Et lui, justement, est là, devant moi, la dernière « creuse » dans les bras et avec l’air d’être prêt à se fourrer dedans lui-même.
« Écoute, dis-je, Kirill ! Qu’est-ce que tu dirais d’une “creuse” pleine, hein ?
— Une creuse pleine ? » redemande-t-il et il fronce les sourcils comme si je lui parlais en charabia.
« Mais oui, dis-je. Ton piège hydromagnétique, comment que tu l’appelles… objet soixante-dix-sept B. Mais plein, avec je ne sais quelle idiotie dedans, couleur bleue. »
Là, je vois qu’il commence à piger. Il lève sur moi ses yeux, les plisse et derrière sa larme de chien apparaît une « lueur de raison », comme il adore dire.

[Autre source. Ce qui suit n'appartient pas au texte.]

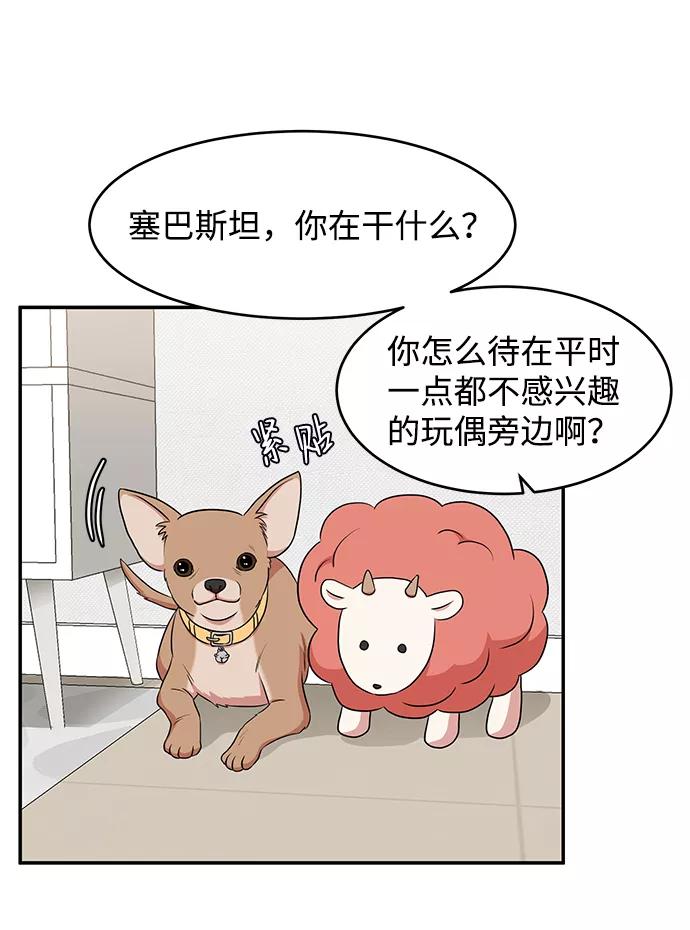 《要牵手吗？》第43话 第59页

« Attends, dit-il. Plein ? Le même truc, mais plein ?
— C’est ça.
— Où ? »
Ça y est, il est guéri, mon Kirill. Les oreilles dressées, le nez au vent.

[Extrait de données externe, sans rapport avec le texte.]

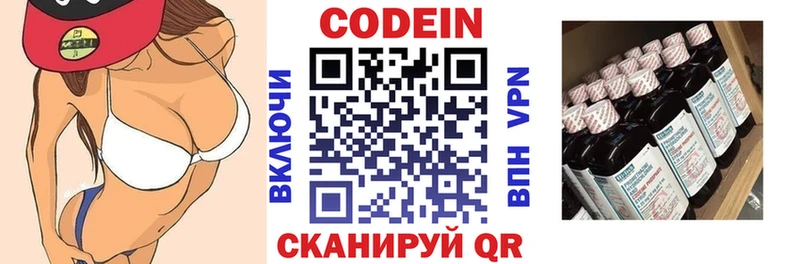 Codein Purple Drank  Тейково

« Viens, dis-je, on va en griller une. »
Il fourre rapidement la « creuse » dans le coffre-fort, claque la porte, la ferme à trois tours et demi et nous retournons au laboratoire. Pour une « creuse » vide Ernest donne quatre cents billets comptant. Pour une pleine, j’aurais pu lui pomper tout son sang pourri, à ce fils de pute, mais croyez-moi si vous voulez, sur le coup je n’y pensais même pas, parce que Kirill ressuscita carrément sous mes yeux, il devint comme une corde de violon bien tendue, tout juste s’il ne tintait pas ; il grimpa l’escalier quatre à quatre et n’offrit même pas du feu quand quelqu’un le lui demanda. Bref, je lui racontai tout : et comment elle était, et où elle se trouvait et comment il fallait s’en approcher de la meilleure façon. Il sortit aussitôt la carte, trouva le garage en question, y pointa le doigt, me regarda et, à coup sûr, comprit de quoi il retournait à mon sujet. Entre nous, qu’y avait-il de si difficile à comprendre ?

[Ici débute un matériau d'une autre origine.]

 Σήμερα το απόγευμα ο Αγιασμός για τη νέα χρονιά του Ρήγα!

« Toi alors ! dit-il, en souriant. Eh bien, on va y aller. Demain matin, sans faute. À neuf heures je commande les laissez-passer, la “savate” et à dix heures, après la prière, on part. D’accord ?
— D’accord, dis-je. Et qui sera le troisième ?
— Pour quoi faire, le troisième ?
— Tu m’en diras tant ! C’est pas pour un pique-nique avec des nanas qu’on s’embarque. Et si quelque chose t’arrive ? C’est la Zone, dis-je. Tout doit être en règle. »
Il sourit un peu, il haussa les épaules.
« Comme tu veux ! Tu sais mieux que moi. »
Pour sûr que je sais mieux ! Je vois qu’il voulait me faire plaisir, pour que je sois couvert : le troisième est en trop, on y fera un saut tous les deux, bouche cousue, personne ne saura qui tu es. Seulement je suis au courant : ceux de l’Institut ne vont pas à deux dans la Zone. Leur règle, c’est que deux font le boulot et le troisième regarde pour qu’après, quand on le demandera, il puisse tout raconter.
« Moi personnellement, j’aurais pris Austin, dit Kirill. Mais je pense que tu n’en voudras pas. Ou bien il te va ?
— Non, dis-je. Qui tu veux, mais pas lui. Austin, tu le prendras une autre fois. »
Austin n’est pas un mauvais bougre, il a la bonne proportion de courage et de couardise, mais à mon avis il est déjà marqué. Kirill ne pourra pas s’en rendre compte, tandis que moi, je sais : ce type s’imagine qu’il connaît et comprend tout dans la Zone. Ce qui signifie que d’ici peu il se cassera la gueule. Qu’il se la casse, je n’ai rien contre. Mais sans moi.